My problem with food started as far back as I can remember.
I learned to hide it when I got disapproving comments from family and others. I always wanted to be alone to eat and I would hide and hoard it. As I got older it only got worse. I used food for everything. When something bad happened, I would use it for comfort. When something good happened I’d use it to celebrate or as a reward. I would use it to alleviate boredom.
I got sicker and sicker. I began to binge every day in secret. It made me so ashamed of myself. I would have to be sure to have my binge foods already in the house for each night because I knew I was going to need them. Every day I would buy or bake lots of terribly unhealthy sugary/salty foods and every night I would gorge myself until I felt so sick that I could hardly move.
I couldn’t stop no matter how hard I tried. I would even become angry that I couldn’t keep eating. Each night I would promise myself that tomorrow would be different, but each morning I’d wake up with the obsession still there just as strong as the day before and I’d have to do it all over again.

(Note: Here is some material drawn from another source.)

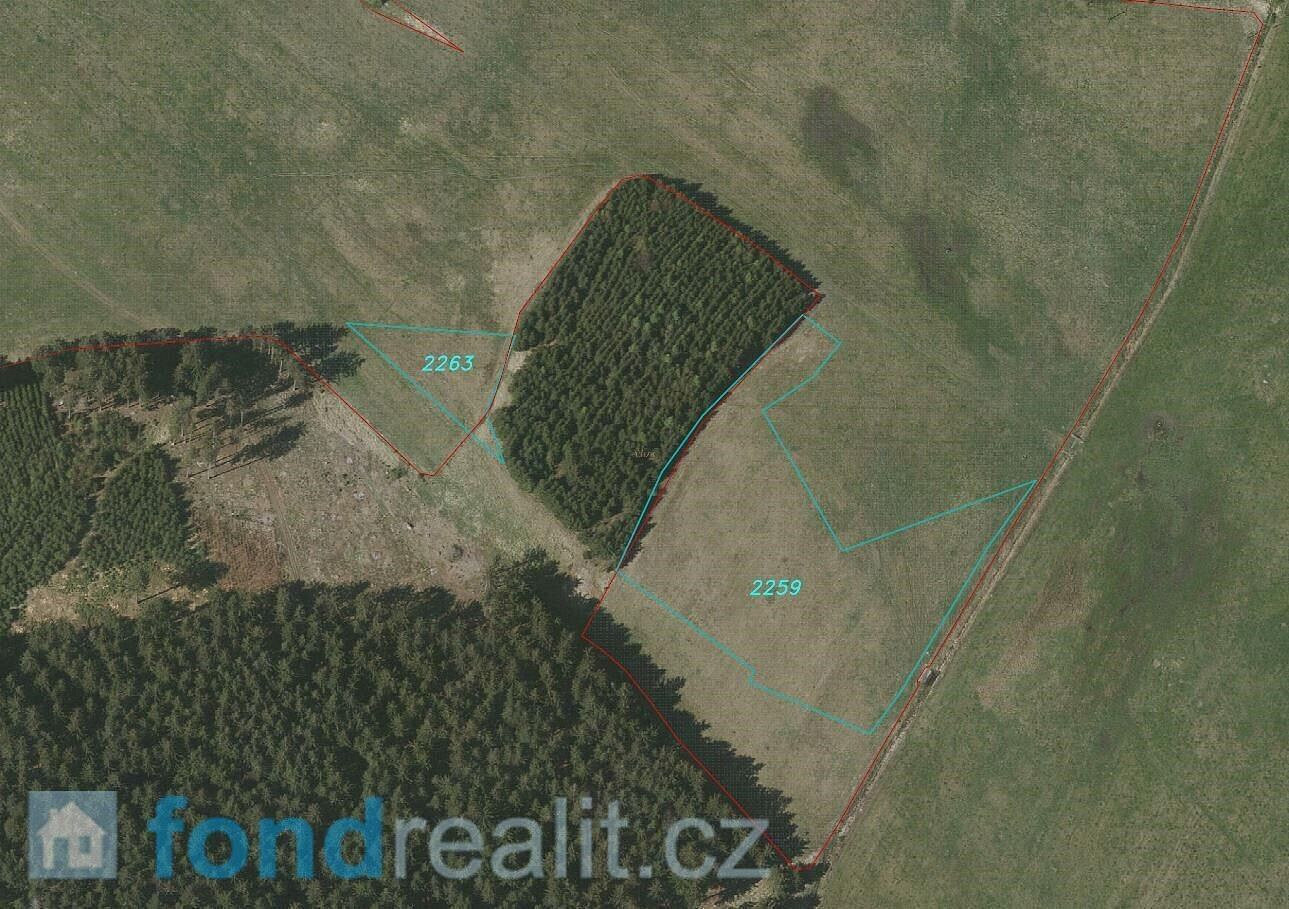 Prodej pozemku 10 628 m² – fotografie 5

I lost and gained hundreds of pounds dieting and then giving in to the cravings and quitting. I was in chronic pain. I had to go up my stairs on my hands and knees many times. I didn’t want to go out. I had nothing to wear. My job became almost impossible. It was no way to live. I was desperate.
I decided to have Gastric Bypass Surgery but when I lost some weight ahead of time they said I didn’t need the surgery. That upset me and sent me back to the food. I quickly regained everything I’d just lost plus.
I went to a support group where I heard about a Pilot Program in Toronto for Food Addicts at Renascent. I called them the very next day. It was the best thing I’ve ever done for myself. I was accepted into the program and I went into the house on October 12th 2016 for 3 weeks.
It was an adjustment at first but I soon found myself really benefitting from their program of healthy, prepared meals, classes, meetings and counselling sessions. I learned for the first time in my life that I’m not a bad person but that I have a disease. I learned that I’m not like other people. I learned that when I eat my trigger foods, my mind and body undergo actual physical changes that are a chemically induced abnormality or illness. I learned that it is a progressive disease and that it only becomes worse without treatment. I learned that unless I abstain from these trigger foods I cannot recover.
I was helped by counsellors to make changes that have literally saved my life. I have been able to remain abstinent since leaving treatment by using all the tools that were given to me. I work this program every single day and it has become a way of life for me. I have a plan of eating that I follow each day. I have a sponsor who helps me and I have a support system of people in my life that have gone through the same experiences, and who are also in recovery. I now have freedom from the mental obsession and physical cravings that used to plague me relentlessly.
I’ve lost at least 100 lbs. and I feel better than I have ever felt in my life. I’m active and I can do things I only dreamed of doing before. I believe in this program. It has worked for me. The key for me was willingness. I am so grateful that I have been helped to understand that recovery from eating compulsively is possible.